La décision de rapatrier de la production au pays ne doit pas être prise à la légère. «C'est une belle aventure, mais ça prend de la débrouillardise», prévient Stéphane Paradis, de D-Gel, qui confie avoir trouvé «frustrante» la recherche de partenaires québécois fiables. «C'était difficile de dénicher des fournisseurs qui avaient la même vision que nous», déplore-t-il.

«Mon Dieu que je ne recommencerais pas! Combien de fois j'ai failli remettre les clés des usines?», s'exclame Gilles Fortin ,de Tristan, précisant cependant qu'aujourd'hui, les installations fonctionnent à plein rendement.

Dans ses magasins et sur son site web, Tristan met en vedette les vêtements fabriqués au Canada, mais l'entreprise ne mise pas trop sur cet avantage concurrentiel pour faire augmenter ses ventes. «Si ce n'est pas plus cher, ça fait plaisir aux consommateurs d'appuyer la fabrication canadienne, mais ce n'est pas un argument d'achat en soi», constate M. Fortin.

Pour l'instant, aucun détaillant canadien d'envergure n'a adopté d'initiative semblable à celle de Wal-Mart aux États-Unis pour encourager la fabrication au pays.
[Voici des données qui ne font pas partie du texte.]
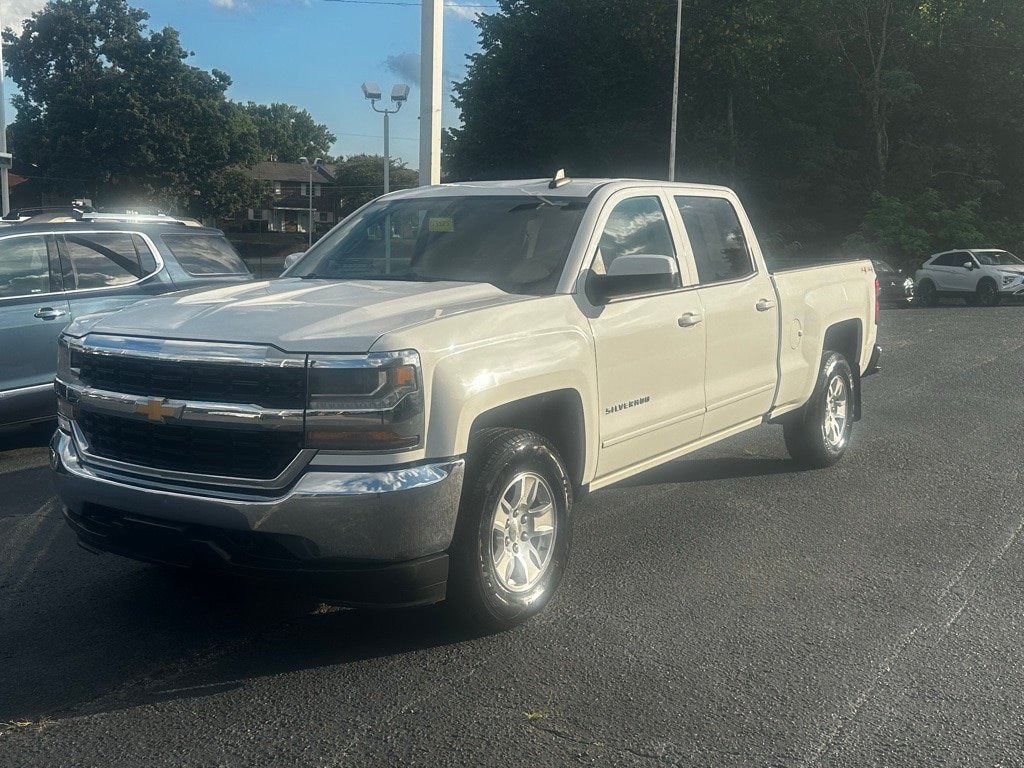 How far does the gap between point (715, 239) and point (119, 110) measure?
6224 centimetres

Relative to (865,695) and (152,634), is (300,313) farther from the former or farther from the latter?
(865,695)

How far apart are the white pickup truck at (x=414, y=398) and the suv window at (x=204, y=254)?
156 inches

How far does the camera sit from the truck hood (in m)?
4.25

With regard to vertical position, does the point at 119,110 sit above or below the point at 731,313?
above

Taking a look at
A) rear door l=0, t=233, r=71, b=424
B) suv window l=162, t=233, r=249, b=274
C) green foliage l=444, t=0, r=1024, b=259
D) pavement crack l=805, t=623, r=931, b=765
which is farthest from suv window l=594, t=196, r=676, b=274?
green foliage l=444, t=0, r=1024, b=259

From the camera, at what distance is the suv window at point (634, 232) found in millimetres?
5742

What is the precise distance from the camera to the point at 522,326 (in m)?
4.80

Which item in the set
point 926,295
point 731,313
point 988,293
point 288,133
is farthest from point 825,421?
point 288,133

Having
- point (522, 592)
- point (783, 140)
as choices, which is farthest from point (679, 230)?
point (783, 140)

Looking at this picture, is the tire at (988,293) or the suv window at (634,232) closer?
the suv window at (634,232)

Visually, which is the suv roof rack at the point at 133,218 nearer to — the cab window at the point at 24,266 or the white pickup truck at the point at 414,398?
the cab window at the point at 24,266

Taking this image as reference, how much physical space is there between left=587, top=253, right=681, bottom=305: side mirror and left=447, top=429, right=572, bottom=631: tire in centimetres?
89

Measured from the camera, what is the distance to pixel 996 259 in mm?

Wal-Mart Canada a mis en place le programme Achat-Québec, mais celui-ci n'exige pas que les produits soient fabriqués ici. Il suffit que trois étapes de la mise en marché soient effectuées au Québec (conception, marketing, emballage ou distribution). Pis encore, la décision de Wal-Mart de favoriser les fabricants américains pour ses magasins des États-Unis nuit aux entreprises canadiennes.

Pour que le reshoring décolle vraiment ici, il faudra que les détaillants embarquent, croit Moji Korhani. «Ils doivent se soucier davantage de s'approvisionner au Canada, insiste-t-il. Dans leur esprit, c'est toujours moins cher d'aller en Chine. Ils doivent changer leurs habitudes et lâcher leurs feuilles de calcul erronées!»